Deal closed, runoff still open

The Ministry of Economy disbursed $462 million to Lockheed Martin as the first payment on Peru's F-16 purchase — confirmed by the US Embassy Lima — despite President Balcázar's public announcement of a postponement. The contractual machinery overrode the politics. Secretary Rubio's visit is confirmed. Career diplomat Carlos Pareja Ríos, former Peruvian ambassador to Washington, was sworn in as Foreign Minister this week.

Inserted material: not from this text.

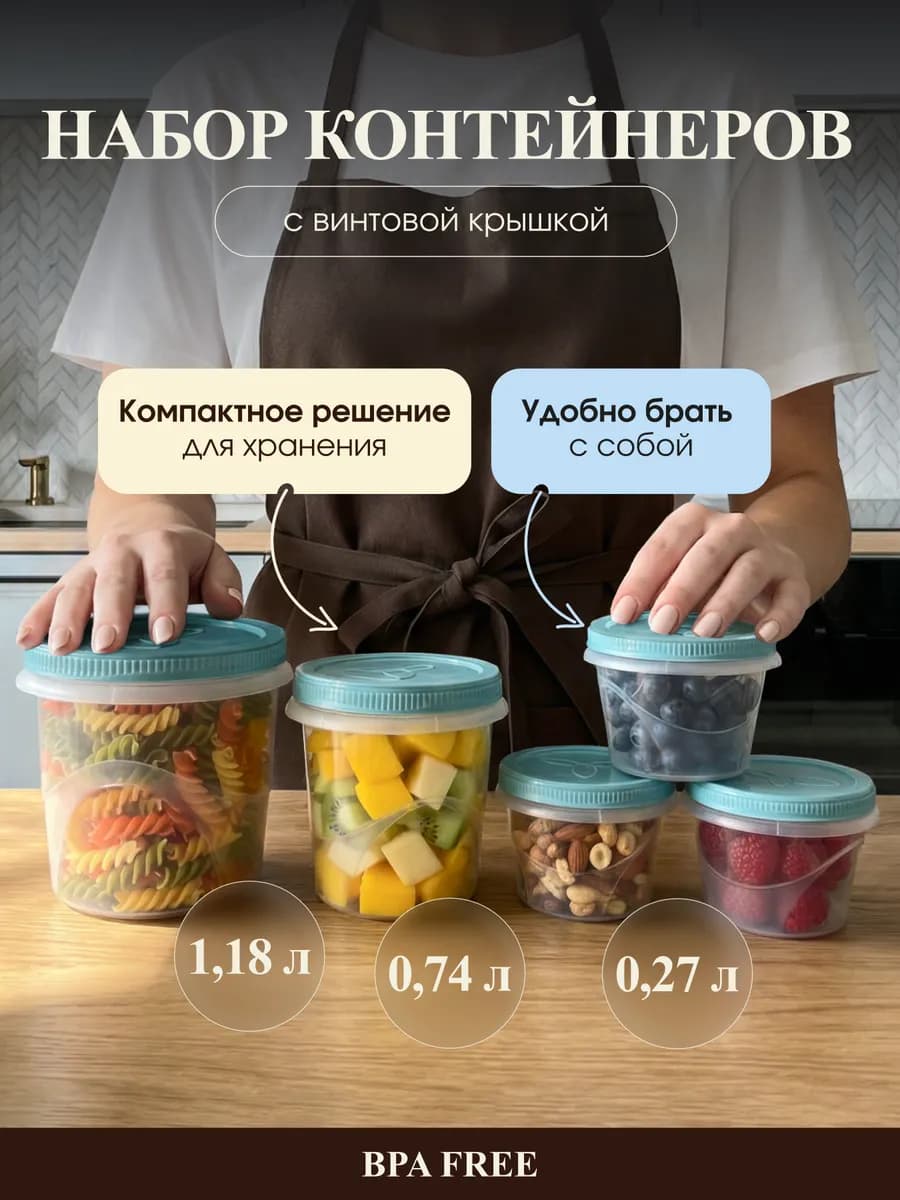 Набор контейнеров с винтовой крышкой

The June 7 runoff will determine whether these signals are the beginning of a durable bilateral relationship or its high-water mark. Keiko Fujimori is confirmed in the second round. Second place is still being counted — López Aliaga, a Trump-aligned populist right-winger, and Roberto Sánchez, former Commerce Minister under the Castillo government, are running close. If Fujimori faces López Aliaga, Washington wins either way. If Sánchez takes the second slot, Beijing becomes the question from day one of the new government.

The Position
The F-16 payment and Rubio visit reflect what this government locked in before the clock ran out. The runoff determines whether the next government builds on it or redirects. Two of the three realistic outcomes keep Peru in Washington's orbit. Watch ONPE — the second-round lineup, not just the June 7 result, is the signal companies should be tracking now.
Venezuela Venezuela

Washington opens the commercial lane

OFAC removed a Venezuela-related designation and issued new general licenses. The US Commerce Department launched a Venezuela Business Information Center — an explicit support tool for US exporters. US Chargé d'Affaires John Barrett met with interim president Delcy Rodríguez at Miraflores to discuss the Trump three-phase plan.

The Position
This is coordinated signal, not gradual normalization. Washington is opening a commercial lane while the political negotiation runs in parallel. Companies waiting for full sanctions removal before engaging are misreading the timeline. The Business Information Center is the tell — Commerce doesn't build support infrastructure for markets that aren't opening.
Venezuela Venezuela · Energy

Citgo: $11 billion on the table, OFAC decides

Amber Energy CEO Greg Goff pledged $11 billion in investment into Citgo Petroleum contingent on OFAC approving the transfer of the refinery — currently Venezuela-owned — to Amber. The decision is pending.

The Position
Citgo is the largest piece of Venezuelan state assets in US hands. Whoever controls it controls the most visible proof point of the Venezuela aperture. Watch the OFAC decision timeline — it will signal how fast the commercial lane is actually opening.
Mexico Mexico

USMCA: July 1 review clock is running

USTR and Mexico announced next steps in bilateral discussions ahead of the July 1 joint review. The bilateral relationship is under structural pressure — tariff philosophy differences between Washington and Mexico City are real, and the review is not a formality.

The Position
Companies with manufacturing or sourcing in Mexico need a read on the review outcome before it happens, not after. The window to restructure contracts, renegotiate supplier terms, or accelerate nearshoring investments closes when the review concludes. The bilateral discussion process is the leading indicator.
Dominican Republic Dominican Republic

Nearshoring window is open. Most companies haven't looked.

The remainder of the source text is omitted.